Wir werden nicht tatenlos zusehen, wie die Mittel der Nation den Terrorbaronen in Kandil und Europa oder den städtischen Strukturen der separatistischen Organisation zugeschustert werden. Wir verfolgen gemeinsam die laufenden Ermittlungen sowie die gerichtlichen Entscheidungen, Beweise, Anschuldigungen, Informationen und Dokumente zu den genannten Personen. Wir können von der Justiz nicht erwarten, dass sie diese schwerwiegenden Anschuldigungen und Verbrechen, die nun offenkundig sind, ignoriert. Die Opposition sollte nicht versuchen, die Justiz unter Druck zu setzen, nur weil sie ihre Arbeit macht. Insbesondere Staatsanwälte zu bedrohen, Juristen ins Visier zu nehmen und sie zu beleidigen, ist schlichtweg Banditentum. Wir beugen uns diesem Druck und diesen Beleidigungen nicht. Wir wahren unsere politische Etikette bis zum Ende, aber wir lassen uns nicht auf eine Politik der Drohungen ein.

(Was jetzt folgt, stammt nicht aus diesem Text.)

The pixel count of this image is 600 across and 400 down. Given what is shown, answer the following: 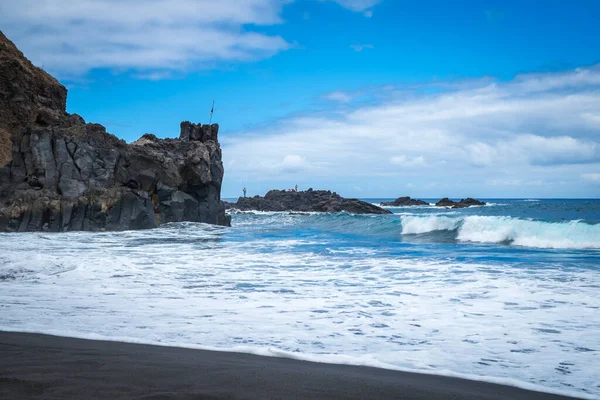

'AN UNSEREM KAMPF GEGEN DEN TERROR WIRD SICH NICHTS ÄNDERN'
Erdoğan wurde auch zu den jüngsten Entwicklungen im Kampf gegen den Terror befragt.
Präsident Erdoğan erklärte, dass die Türkei bei ihrer Haltung im Kampf gegen den Terror keine Zugeständnisse machen werde:
An unserem Kampf gegen den Terror wird sich nichts ändern. Wir werden unsere Entschlossenheit in gleicher Weise fortsetzen. Diese Frage der 30 bis 40 Kilometer Tiefe wird genau so bestehen bleiben. Zum jetzigen Zeitpunkt setzen wir unseren Kampf, in die Tiefen in Syrien und im Irak einzudringen, die dortigen Terroristen zu verfolgen und den Terror an der Quelle auszutrocknen, kompromisslos fort. So wie wir verbal zum Ausdruck bringen, dass wir die Errichtung eines „Terroristans“ jenseits unserer Grenzen nicht zulassen werden, setzen wir dies auch faktisch um. Ein Rückzug aus diesem Kampf oder eine Lockerung der Bemühungen kommt niemals in Frage, das wird nicht geschehen. Wir sind uns bewusst, dass jede kleinste Lücke, die terroristischen Elementen gelassen werden könnte, eine große Bedrohung für unsere nationale Sicherheit darstellt, und wir setzen unseren Kampf gegen den Terror fort, ohne Lücken zu lassen. Die Türkei wird niemals zögern, die notwendigen Maßnahmen zu ihrem eigenen Schutz zu ergreifen. Jeder Schritt, den wir für unsere Grenzsicherheit unternehmen, zielt darauf ab, die Durchgangswege der Terroristen zu schließen, und wir erhöhen unsere Grenzsicherheit mit fortschrittlicher Technologie und Personalaufstockungen. Wir befinden uns in einem ununterbrochenen Kampf gegen den Terror, und dieser endet erst, wenn der letzte Terrorist neutralisiert ist und diese Bedrohung für unser Land beseitigt wurde.